MORT DE MAUPASSANT
L'auteur de Bel-Ami disparaît le 6 juillet 1893, à 42 ans, des suites de la syphilis. Dans les journaux, les hommages émus de ses amis et confrères se multiplient.
Le 7 juillet 1893, Le Figaro, à l'instar de tous les autres titres de la presse nationale, a une triste nouvelle à annoncer à ses lecteurs :
« Maupassant est mort.
Il s'est éteint après plusieurs journées de convulsions douloureuses et sans avoir repris connaissance, hier, à onze heures du matin.
Mais il y a dix-huit mois qu'en réalité les Lettres françaises portaient le deuil de cet artiste admirable.
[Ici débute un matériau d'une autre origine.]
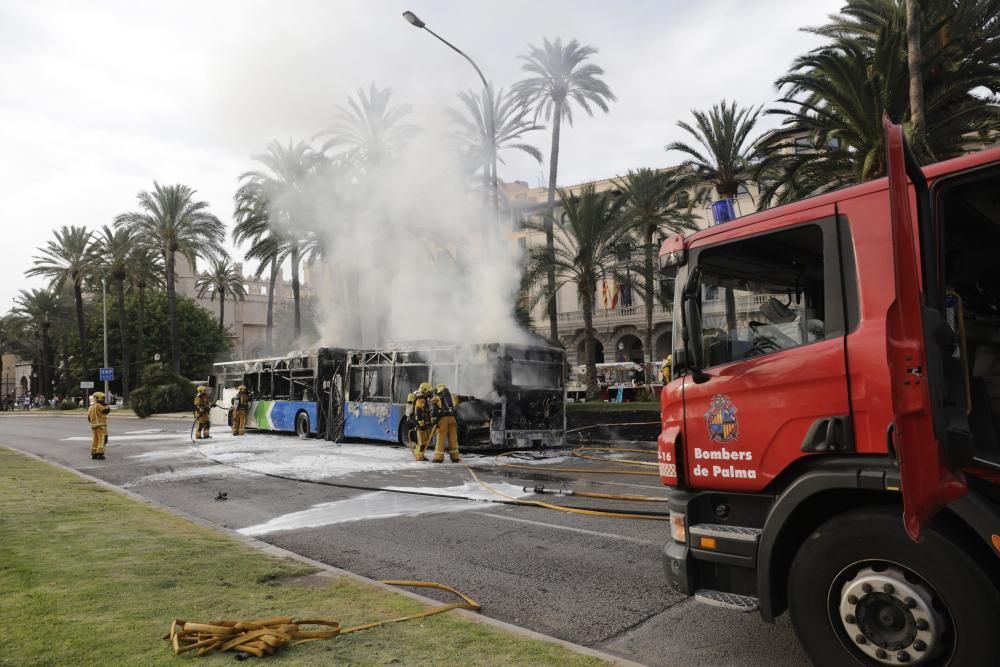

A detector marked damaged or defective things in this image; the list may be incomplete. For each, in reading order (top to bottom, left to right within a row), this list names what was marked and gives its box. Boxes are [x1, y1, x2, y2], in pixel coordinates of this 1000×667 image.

burnt bus roof [676, 145, 1000, 249]
burned bus [207, 344, 568, 448]
charred bus body [207, 344, 568, 448]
C'est par une brumeuse matinée d'hiver, le 7 janvier 1892, qu'il nous fut ramené de Cannes où, dans un premier accès de délire, il avait tenté de se suicider. La face blême et déjà maigrie, l’œil hagard, il se laissa glisser hors de son wagon, comme hébété [...].
Et ce fut pour tous ceux qui étaient là une vision lamentable – comme le passage d'un spectre... On eut beau nous rassurer: « Névrose... Surmenage... Délire passager... » nous eûmes l'impression nette que c'était bien fini, et que Maupassant était mort. »
Dans cet article, Émile Berr évoque à demi-mot une réalité bien connue de tous les proches de l'auteur de Bel-Ami et du Horla : l'écrivain était atteint d'une paralysie générale (ancien nom de la méningo-encéphalite) due à la syphilis, qu'il avait contractée seize ans auparavant. Depuis quelques années, son existence était devenue un vrai calvaire.
Victime d'une grave détérioration de son état physique et mental, et devenu méconnaissable, Maupassant avait tenté de se suicider le 2 janvier 1892. Avant d'être interné dans la clinique du psychiatre Émile Blanche, où il devait mourir dix-huit mois plus tard, à l'âge de 42 ans.
Dans le public et parmi ses nombreux amis du monde journalistique, l'émotion est grande. Le Journal va interviewer plusieurs auteurs célèbres pour avoir leur réaction : parmi eux, Emile Zola.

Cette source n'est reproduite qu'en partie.